Attached is a patch with a new setjmp.s code for all CPU-s which have Z80-like implementations.
As far as I understand, in all cases the new implementation could result in less CPU cycles executed and in less bytes used by the machine code (but I haven't explicitly verified that "less cycles" claim with the simulator, except for z80 and z80n). This should be possible because HL can be directly used instead of using IY, which is on Z80 slower and also needs bigger instructions.
An additional benefit is that, as they don't use IY, they could be directly linked and used with the code compiled with --reserve-regs-iy
, i.e. they are more universal than up to now.
There are actually 3 variants.
pop af
at the start of longjmp (I can't deduce the reason for this from the calling conventions section of the manual, maybe I'm missing something, but I see that there in the existing code, so I do the same here too).ex de, hl
and instead of jp (hl)
they use pop bc
ret
to jump to the destination.

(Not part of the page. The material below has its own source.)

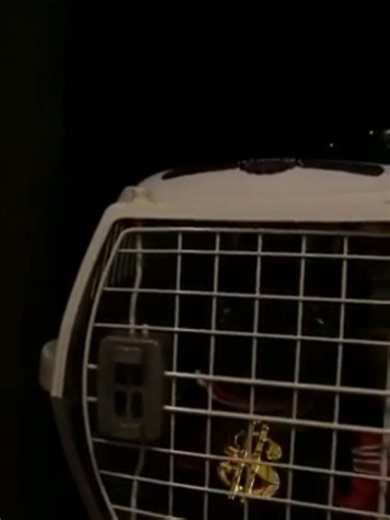 Hilarious SML Clips: Barking and Meowing Moments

Conveniently, the code already has the destination in BC at that moment.pop af
there's one pop de
too, in longjmp (again, I saw that in the existing code and I miss the reason for this in the manual, but it can be that I haven't read it carefully enough).In the case of Z80 assembled setjmp.s uses 12 bytes less, and both routines use 78 T states less than before. Measuring only longjmp it uses 4 bytes less and uses 19 T states less than before. That should mean that it's worth replacing both setjmp and longjmp routines.

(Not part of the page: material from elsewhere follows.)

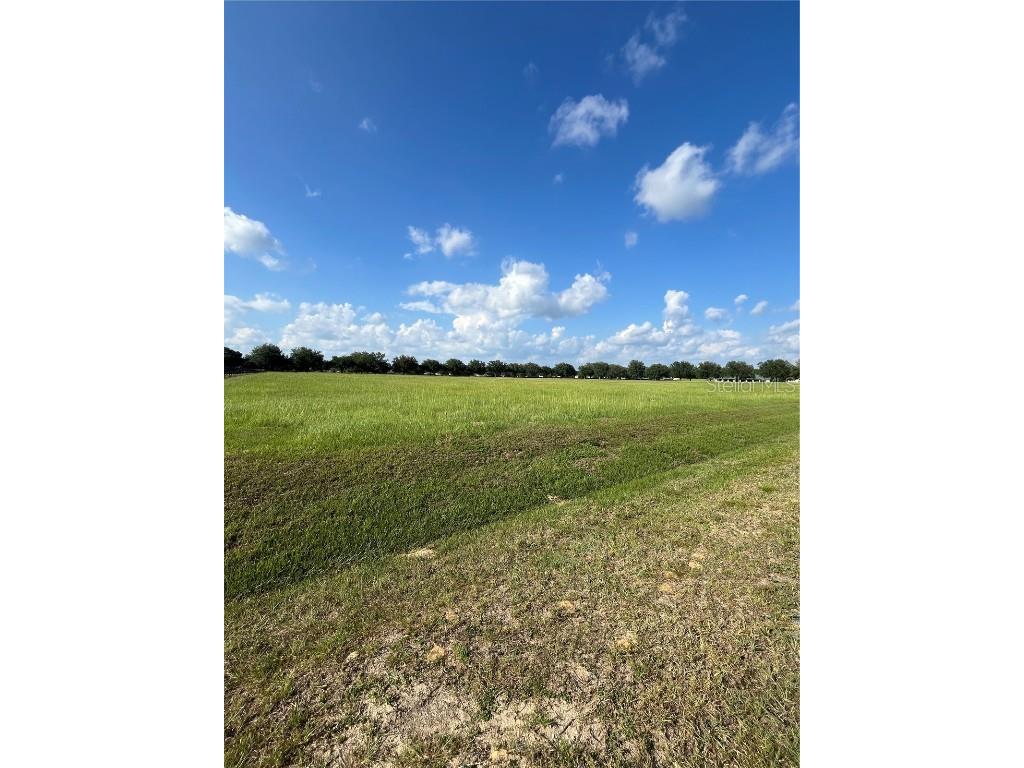 TBD 54 Loop Ocala FL 34482 OM697970 image3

I there's anything I should correct before this could be accepted I can do that too.
Did you run the regression tests ("make test-z80" in support/regression) with your setjmp/longjmp in the libraries?
No, I'm just learning what one has to do here. In some projects regtests take days or weeks on many cpus, so I haven't thought that it's realistic to try this on a notebook. How long does that take on a few cores? Thanks!
A Raspi 4 running FreeBSD from an SD card, building SDCC + full regression test (i.e. all ports, not just the z80-related ones) takes 20 hours.
I'll quickly run a time nice make -j 18 test-z80 on my laptop now, and post how long it took.
P.S.: It took 48 min.
Last edit: Philipp Klaus Krause 2024-06-12
Is this a typo "-j 18"? Or "laptop"? Or do I live in the past? I can't understand both in the same sentence :)
It's an old laptop with a Ryzen 4800H CPU from more than 4 years ago, the Ryzen 4800H has 8 cores with SMT2, so 16 hardware threads. For -j, I add two so the CPU has something to do when a software threads is waiting for disk I/O, and end up with -j 18.
Immensely different from my "computing" resources, this will take a while: "Ryzen 7 4800H outperforms Celeron N3150 by 1459% in Passmark." My notebook is faster but unsuitable for longer "burn" periods, already needed service after that. (That's why I target Z80 as a hobby :) )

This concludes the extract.